→ DATA BELOW:
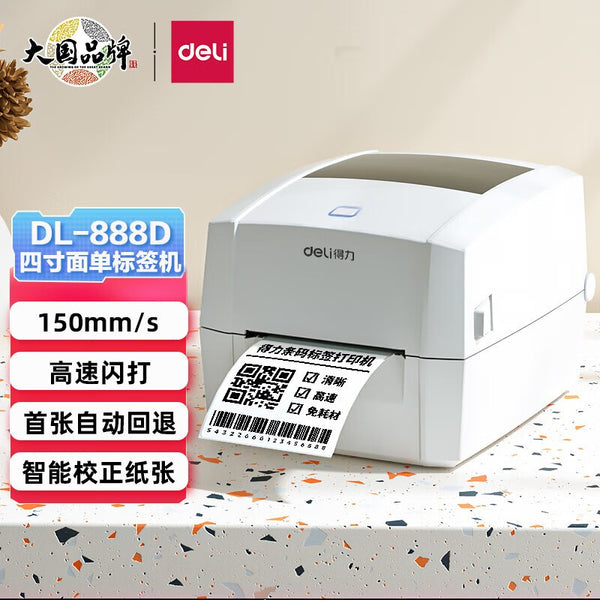 Deli DL-888DS barcode printer self-adhesive label barcode thermal machine express electronic surface sheet printer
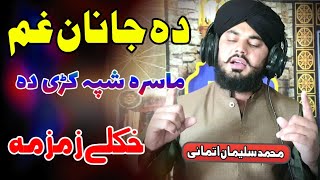 Chi ka Hum Da Janan Gam Masara Shfa kari Da New Pashto Zamzama Awaz Suliman Utmani terndinge [upl. by Atled]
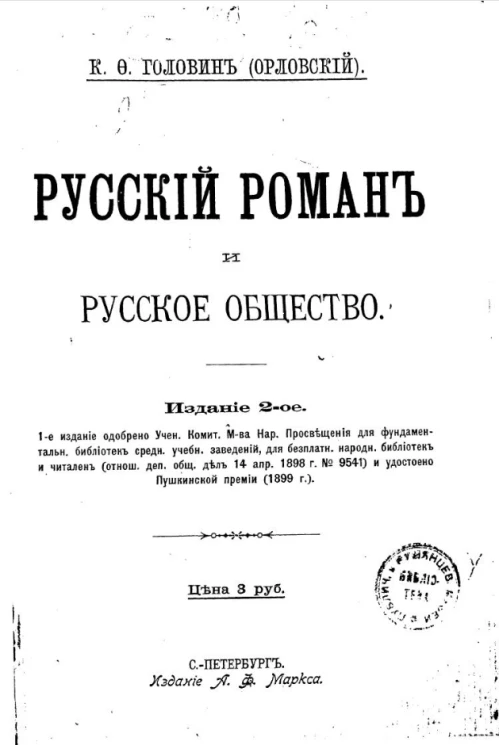 Русский роман и русское общество. Издание 2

→ AIM OF THE EXERCISE: Exactly the lines from the line that contains "Chi ka Hum Da" through the last line above, and no other lines, must be output, with pictures excluded.

→ RESPONSE BOX:
 Chi ka Hum Da Janan Gam Masara Shfa kari Da New Pashto Zamzama Awaz Suliman Utmani terndinge [upl. by Atled]
 Русский роман и русское общество. Издание 2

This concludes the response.